Debugging a synchronous callback in loop defect

#programming #coding #debugging

A bug snuck by me while adding a new feature to Each: a behaviour in Fuse that dynamically adds UI elements. I had to change a lot of the code, so I was diligent in adding a heap of new tests. Each is likely our most tested behaviour now, but alas, a regression slipped through! Fortunately, we caught it during the pre-release testing, but that's still late in the process. What happened?

The defect

The setup of the defect, once we whittled it down, is roughly this:

<StackPanel>
    <Each Items="{items}">
        <PanelA/>
        <PanelB/>
    </Each>
</StackPanel>

This fragment requires an items list where we will be adding/removing items. For each item in the items array, we add two children to the StackPanel: PanelA and PanelB. When an item is removed from items we'd then expect both of those children to be removed. Unfortunately, only one of them is removed; the other remains forever!

A complete example would involve a JavaScript code block to control the items, but as it wasn't related to the problem I left it out here. The resulting simplicity makes it shocking that none of the tests managed to pick up the error. I'll get back to it later why they didn't.

The defect is in this cleanup code:

for (int n=0; n < av.Nodes.Count; ++n)
    Parent.BeginRemoveChild(av.Nodes[n], CompletedRemove);

This removes the children when an item is removed from the items list. av.Nodes is a list of the nodes that were added, in this case one of PanelA and PanelB. There are two items so we expect RemoveFromParent to be called twice, but it's only called once! Madness!

The danger of synchronous callbacks

I wrote once before about the infernal loop iterator, and this situation is one of those. It builds upon a problem with synchronous callbacks, something I also mention is an issue in my article on event programming.

What you don't see above is the definition of the CompletedRemove callback. A node may have a RemovingAnimation on it, which means it stays around a bit longer to animate its removal. The callback informs us of when this removal finally happens.

void CompletedRemove(Node n)
{
    //uninteresting bits...

    WindowItem wi;
    if (_dataMap.TryGetValue(n, out wi))
    {
        wi.Nodes.Remove(n);

        //...more bits
    }
}

When the child is removed from its parent, we remove it from our own list. Seeing this code alongside the for loop should make it easier to spot the problem. What if this code is called synchronously? Removing the first item in the Nodes list will reach the callback and shorten the list. By the time we get back to the for loop there won't be a second item, thus explaining why it's only called once.

It's not relevant here whether we use an indexed for loop or a foreach style iterator. They will both fail, though possibly in different manners. We use indexed loops in our codebase since they happen to be more efficient on some target platforms (yes, this is something that should be optimized).

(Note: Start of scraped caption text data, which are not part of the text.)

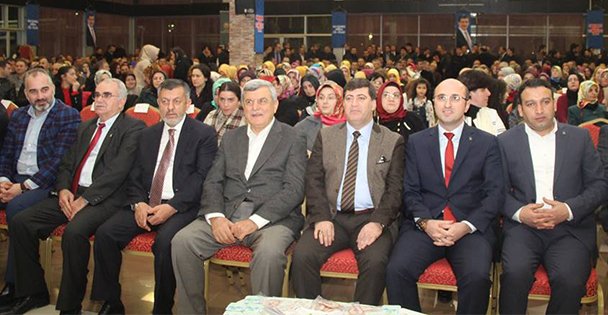 AK Parti tek yürek!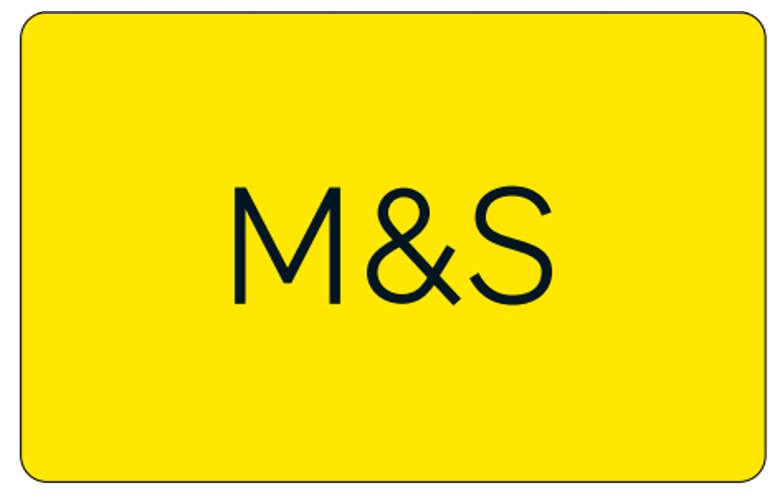 M&S Gift Card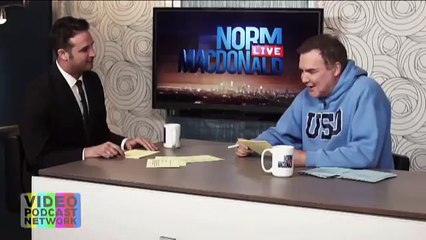 Norm Macdonald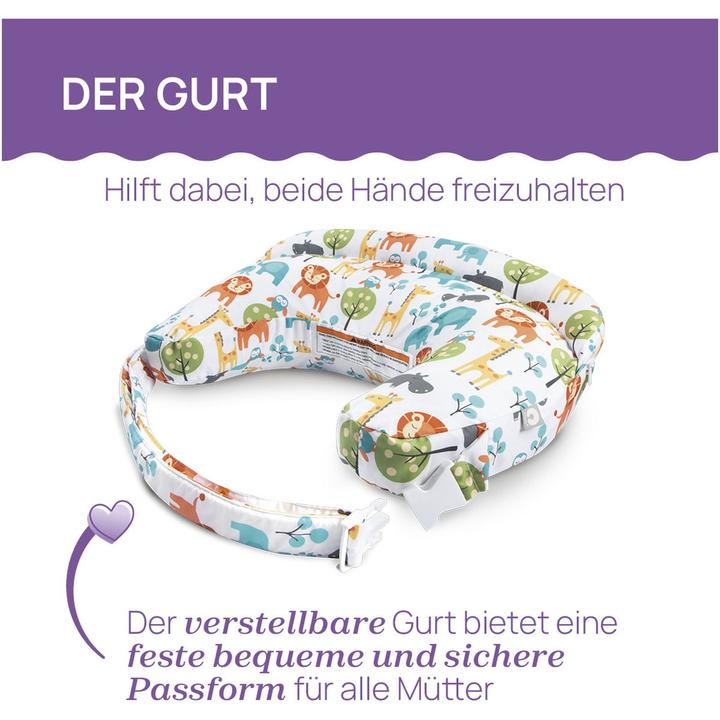 Image du produit Boppy Stillkissen Deluxe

This situation highlights the danger of having synchronous callback, or event functions. When the callback is made, it's uncertain how side-effects could affect code further back in the stack. For safety, we want to make callbacks, and any other message dispatch, near the top of the call stack. An asynchronous callback fixes our defect with Each.

Two fixes

It's a bit risky to change message ordering this late in the release process. We already did most of the manual testing so we may not catch subtle errors anymore. I instead made an alternative fix that changes the dependency above. It turns out we don't even need to track removals in Each, so the fix was to remove most of the CompletedRemove code.

We still want the preferred asynchronous callback,, so I also made that change, but only on the development version. It'll be subjected to more testing and use before it gets released.

But why wasn't it noticed?

This defect is a result of several orthogonal aspects of the code interacting with each other:

Multiple children must be inserted by the items in Each (a single template, as we call them, is not enough: the first item is always removed successfully).
The list must have items removed from it (if we just add items we won't notice the problem).
The removal callback must be synchronous (when it is asynchronous, which is common, the defect doesn't happen).

We had tests for all of these conditions. We even have tests for combinations of these. We didn't have a test that combined all three together! The test for changing the items list, with multiple templates, also involved a visual RemovingAnimation, thus not triggering the synchronous callback. The test which invoked a synchronous callback didn't have multiple templates.

There's significant difficulty in testing APIs with a high degree of orthogonality. We can't verify every combination. The goal in coding is to be as generic as possible such that combinations don't change behavior too much. Interactions are however unavoidable. In this case, the defect happened because a false, but reasonable, assumption was made about how the removal function worked inside the for loop.

The regression was my fault; I'm not trying to shift blame. I'm just struggling to figure out how to prevent this type of defect.